The high profit is mainly attributed to the mining and quarrying industry, which contributed about NOK 457 billion to the profit before tax, or just slightly more than 79.6 per cent. SDFI (State's Direct Financial Interest) and Statoil ASA dominate this industry.

The electricity, gas, steam and air conditioning supply had a good year and achieved NOK 37.1 billion in profit before tax and about NOK 24.9 billion in net profit for the year.

The information and communication industry achieved a profit before tax of NOK 56 billion and a net profit of just over NOK 53 billion. Transportation and storage realised profit before tax of NOK 6.8 billion and just slightly less than NOK 3.6 billion in net profit. The major corporations in this industry include Telenor ASA, Posten Norge AS and Norges Statsbaner AS.

Central government corporations have highest profits

Central government corporations and central government quasi-corporations together accounted for some 96 per cent of the total profit before tax or about NOK 553 billion. SDFI alone accounted for NOK 143 billion (The accounting figures are taken from Petoros AS Annual Accounting Report for 2012). Other major business units included Statoil ASA, Statkraft SF and Telenor ASA.

Local government enterprises achieved profits of NOK 12.7 billion.

Increase in asset value

Public non-financial corporations’ total assets value amounted to NOK 3 028 billion at the end of 2012. This was an increase of about NOK 111 billion from the previous year. The value of the fixed assets increased by 6.3 per cent, while the value of the current assets relating to sales of goods and services increased by 4.9 per cent.
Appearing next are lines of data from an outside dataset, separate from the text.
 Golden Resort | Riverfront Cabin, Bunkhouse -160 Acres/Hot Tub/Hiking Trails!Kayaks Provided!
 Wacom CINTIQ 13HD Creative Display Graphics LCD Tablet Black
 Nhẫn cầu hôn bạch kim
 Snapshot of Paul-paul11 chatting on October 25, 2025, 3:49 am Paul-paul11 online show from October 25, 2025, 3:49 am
However, most of the capital is located in a small number of companies. Approximately 50 corporations contributed more than three quarters of the total assets. Each of these corporations has an asset value of more than NOK 7 billion. Twelve of these capital-intensive enterprises are owned by local government and all of these are within the electricity, gas, steam and air conditioning supply industry.

The financial situation

The public non-financial corporations had a relatively stable financial structure in the period 2007 to 2012. The equity ratio was about 45.6 per cent in 2012.

Furthermore, the ratio of fixed assets to long-term capital has been relatively stable and was about 1 during the period. In other words, fixed assets have been financed by long-term capital. The debt-equity ratio has been relatively stable.
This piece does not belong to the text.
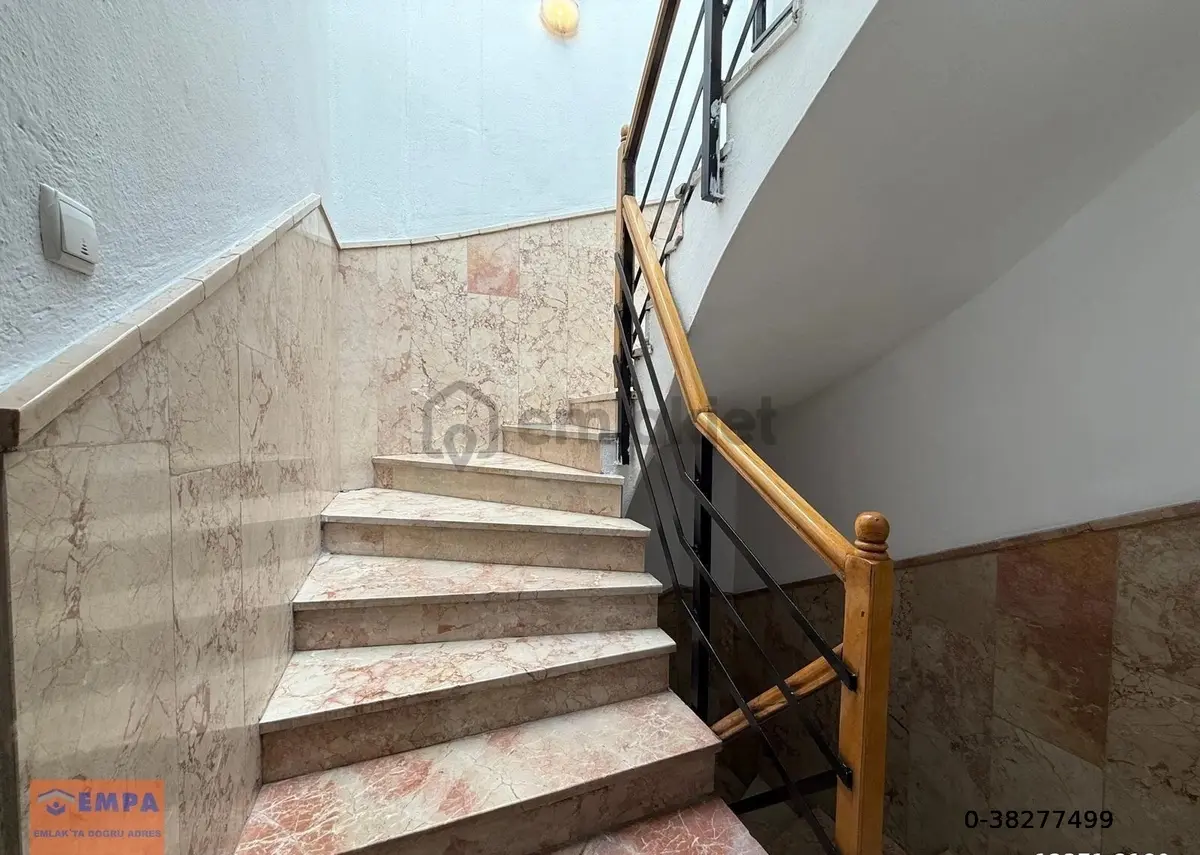 Empa'dan Yenilenmiş, 4+1 +kiler Satılık Dublex - 8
The current ratio increased from 0.88 in 2011 to 0.87 in 2012. This means that the current assets are lower than the current liabilities. The figures do not necessarily illustrate the enterprises’ liquidity and therefore require careful consideration.

Central government quasi-corporations have been excluded here because the equity in these corporations cannot be compared with other public corporations.

Public ownershipOpen and readClose

Both the central and the local government have a significant ownership interest in Norwegian business and industry. The public companies vary with regard to economic activity. The level of ownership varies from holdings in large listed corporations to small fully-owned enterprises. The corporations are involved in activities such as mining and quarrying, energy supply, transport, real estate operations and rehabilitation. Mining and quarrying is the dominating business area and includes the State’s Direct Finance Investment (SDFI) and Statoil ASA among others. Corporations in the transportation and storage industry are the largest employers. These industries include Posten Norge AS and Norges Statsbaner AS.

DevelopmentOpen and readClose

All in all, there were slightly more than 3 150 public non-financial corporations for which Statistics Norway could obtain accounting data for in 2012. Furthermore, Statistics Norway could not obtain accounting data for just over 100 public corporations. The changes could be attributed to various reasons.

Some central government and local government business units are also reclassified as management. As this continues from one year to another, many public corporations may reclassify and as a result no longer be included in the statistics for the public non-financial corporations.